Saharin, officially referred to as the Saharin Republic (Japanese: サハリン共和国 Saharin kyōwakoku, Ainu: カムイ・カラ・プト・ヤ・モシリ Karputyamosir) is a sovereign state located in East Asia. Located on the coast of the Pacific Ocean, Saharin consists of two major regions, the continental Enkaishu Region, and the island Karafuto Region, located in the south of the island of Sakhalin. It shares land borders with Russia to the north, China and North Korea to the West and and maritime border with Japan to the south. Saharin is a sparsely populated nation, and has a total population of 2.5 million people, while the capital is Toyohara. The official language is Japanese, while other recognised regional languages are Ainu and Okar.
Saharin is a parliamentary republic, which operates with a Liberal Socialist System which highly values democracy, human rights, civil liberties and equality. The Head of State of Saharin is the President, who plays a largely ceremonial and separate role to the Prime Minister, who is the Head of Government, where the real political power lies. Legislative power rests with the bicameral National Diet of Saharin. The Socialist system in place operates with a Mixed economy, with emphasis on small business. Saharin was the third member of MOSAP, joining in 1987, unifying itself with others of its own ideology during the cold war. Saharin is also a member of the United Nations and the World Trade Organisation.
The land that now constitutes Saharin has for a long time been inhabited by the Ainu, Nivk and Okar people since the neolithic period. The Japanese Empire came into posessions of the southern half of Sakhalin Island from the Treaty of Portsmouth in 1905, following the Russo-Japanese War, which also gave the concession of Primorsky Krai in mainland Asia.
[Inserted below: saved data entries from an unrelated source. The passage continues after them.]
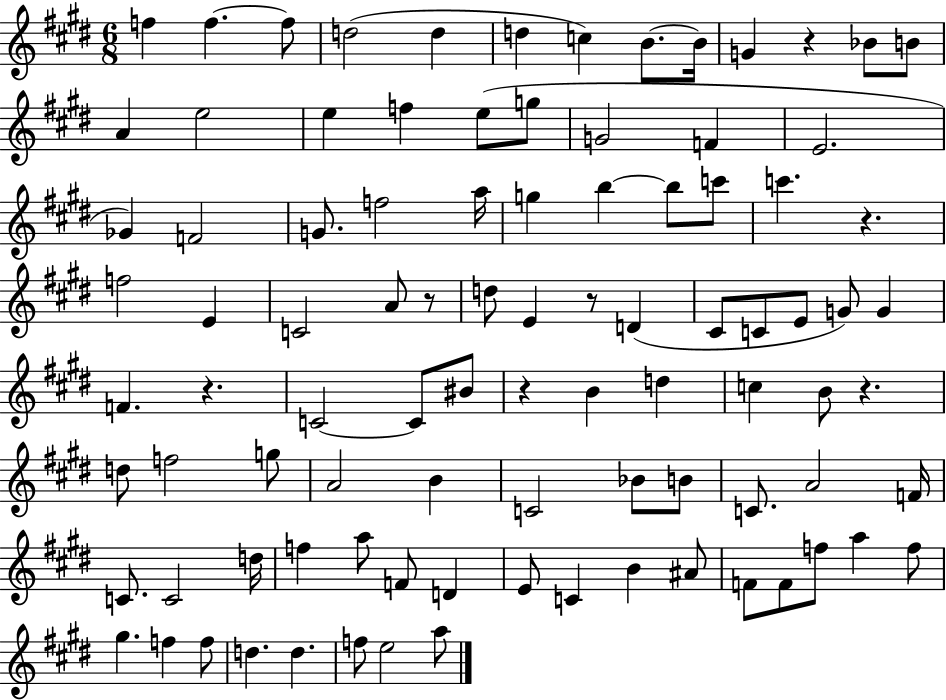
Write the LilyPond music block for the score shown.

{
  \clef treble
  \numericTimeSignature
  \time 6/8
  \key e \major
  f''4 f''4.~~ f''8 | d''2( d''4 | d''4 c''4) b'8.~~ b'16 | g'4 r4 bes'8 b'8 | \break a'4 e''2 | e''4 f''4 e''8( g''8 | g'2 f'4 | e'2. | \break ges'4) f'2 | g'8. f''2 a''16 | g''4 b''4~~ b''8 c'''8 | c'''4. r4. | \break f''2 e'4 | c'2 a'8 r8 | d''8 e'4 r8 d'4( | cis'8 c'8 e'8 g'8) g'4 | \break f'4. r4. | c'2~~ c'8 bis'8 | r4 b'4 d''4 | c''4 b'8 r4. | \break d''8 f''2 g''8 | a'2 b'4 | c'2 bes'8 b'8 | c'8. a'2 f'16 | \break c'8. c'2 d''16 | f''4 a''8 f'8 d'4 | e'8 c'4 b'4 ais'8 | f'8 f'8 f''8 a''4 f''8 | \break gis''4. f''4 f''8 | d''4. d''4. | f''8 e''2 a''8 | \bar "|."
}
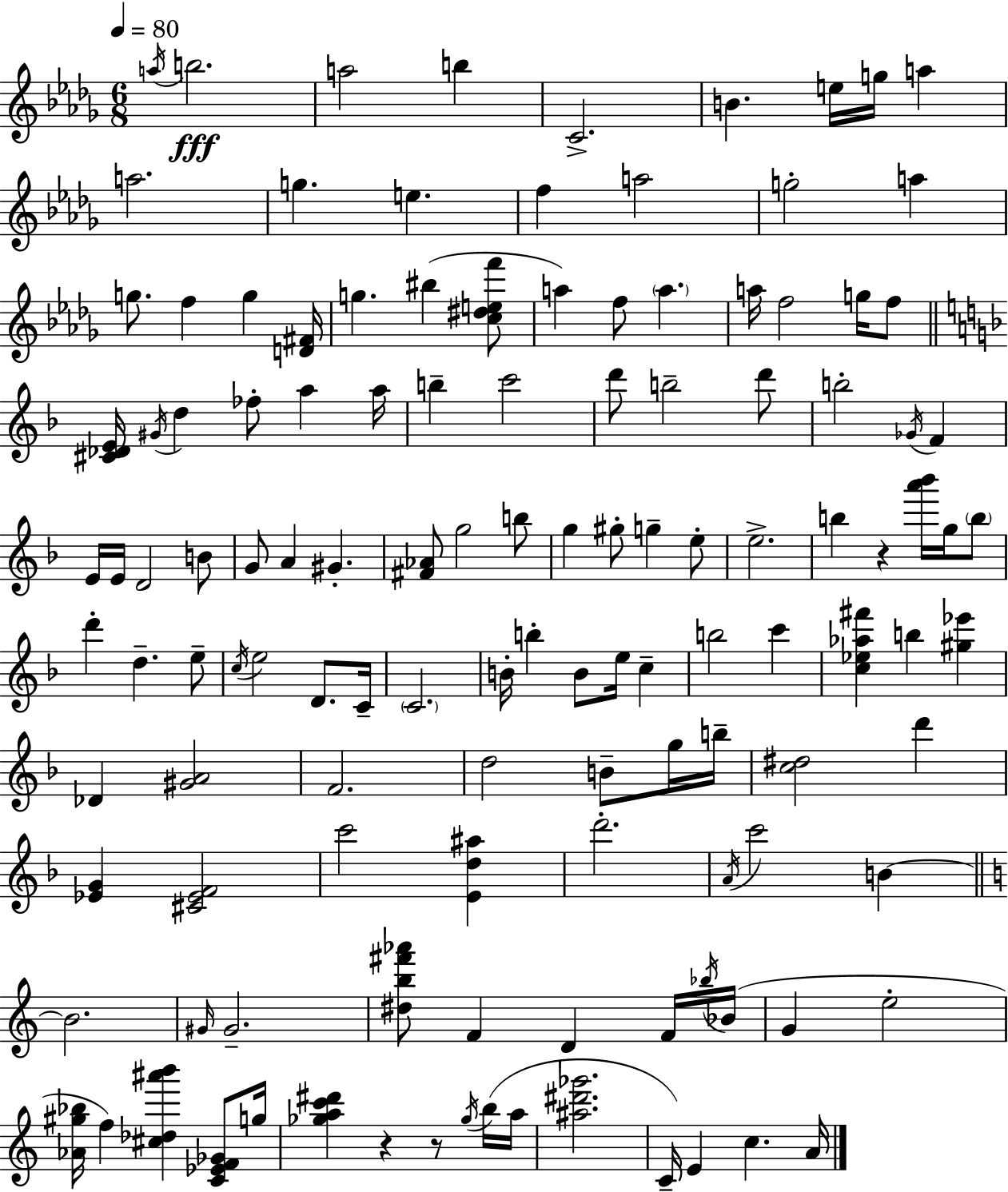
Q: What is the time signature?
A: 6/8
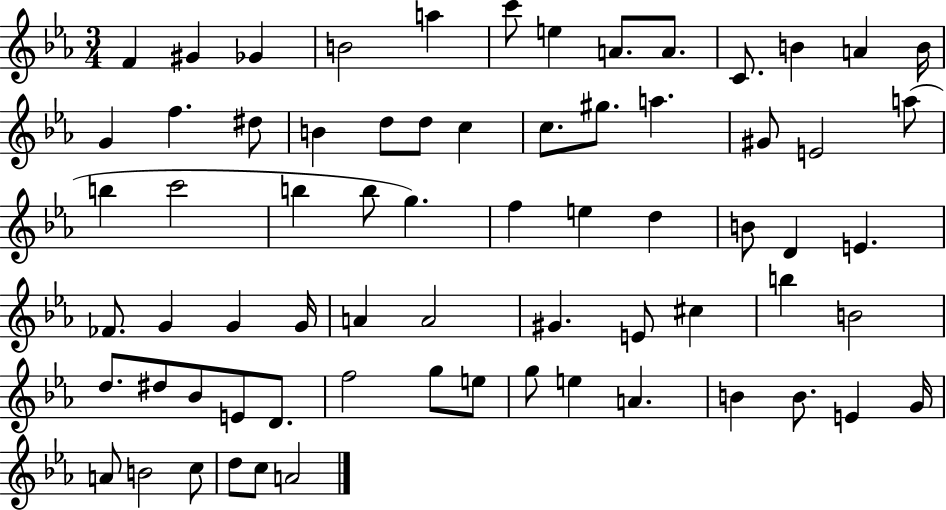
F4/q G#4/q Gb4/q B4/h A5/q C6/e E5/q A4/e. A4/e. C4/e. B4/q A4/q B4/s G4/q F5/q. D#5/e B4/q D5/e D5/e C5/q C5/e. G#5/e. A5/q. G#4/e E4/h A5/e B5/q C6/h B5/q B5/e G5/q. F5/q E5/q D5/q B4/e D4/q E4/q. FES4/e. G4/q G4/q G4/s A4/q A4/h G#4/q. E4/e C#5/q B5/q B4/h D5/e. D#5/e Bb4/e E4/e D4/e. F5/h G5/e E5/e G5/e E5/q A4/q. B4/q B4/e. E4/q G4/s A4/e B4/h C5/e D5/e C5/e A4/h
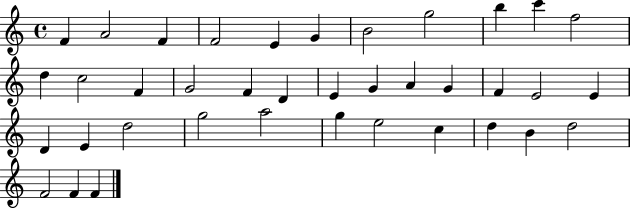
X:1
T:Untitled
M:4/4
L:1/4
K:C
F A2 F F2 E G B2 g2 b c' f2 d c2 F G2 F D E G A G F E2 E D E d2 g2 a2 g e2 c d B d2 F2 F F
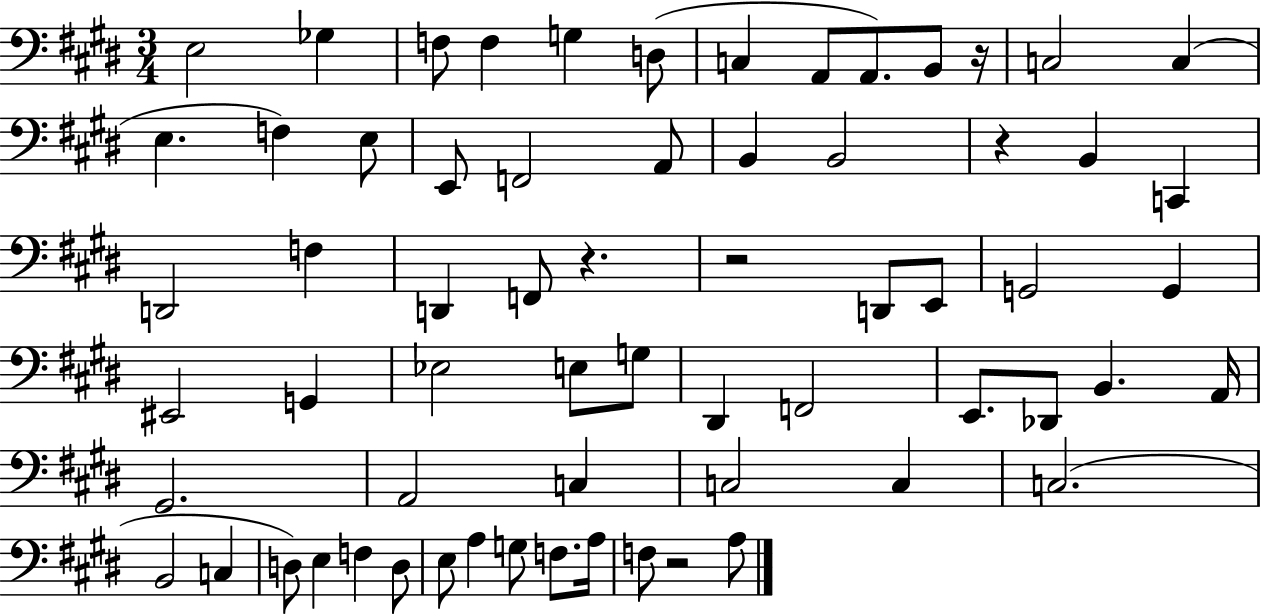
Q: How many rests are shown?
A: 5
These two territories were organised into Imperial Japan as the Karafuto Prefecture and Enkaishu Prefecture respectively. The Japanese Empire stayed in possesion of the regions, populated them with ethnic Japanese and Ainu peoples replacing Russian majorities in the area as many left to emigrate to Russia. Following the end of World War II, Imperial Japan was forced to renounce its claims on Sakhalin and Primorsky to the Soviet Union under the Yalta Conference, however it was decidadly difficult due to the severe minority of ethnic Russians or other non-Japanese or Ainu ethnicities in these territories, and the Allies gave Saharin independance from world powers following the end of Occupation in 1955. During this, the Saharin population began to merge Western values of Demoracy, Human Rights and Civil Liberties, with the Soviet values of equality and socialism, leading to a decidadly Socialist-led Liberal ideology emerging in a new independent Saharin. This, much to the United States' distrust, led to the establishment of a Liberal Socialist Democratic state, influenced by the societies of Westland and Zubrowka in Europe. Modern Japan gave a large amount of development aid to Saharin during the 1960's, 70's and 80's, as Saharin quickly became a modern wealthy industrialised nation and a base for the development of new technologies and sciences during the 1990's and the 2000's.
Today, Saharin is still culturally and economically linked to Japan, sharing a language and general cultural values and idiosyncracies. However, unlike Japan, Saharin has been somewhat less open to globalisation, believing preserving indigenous cultural values to be upmost, alongside allowing for the creation of an equal and sharing society.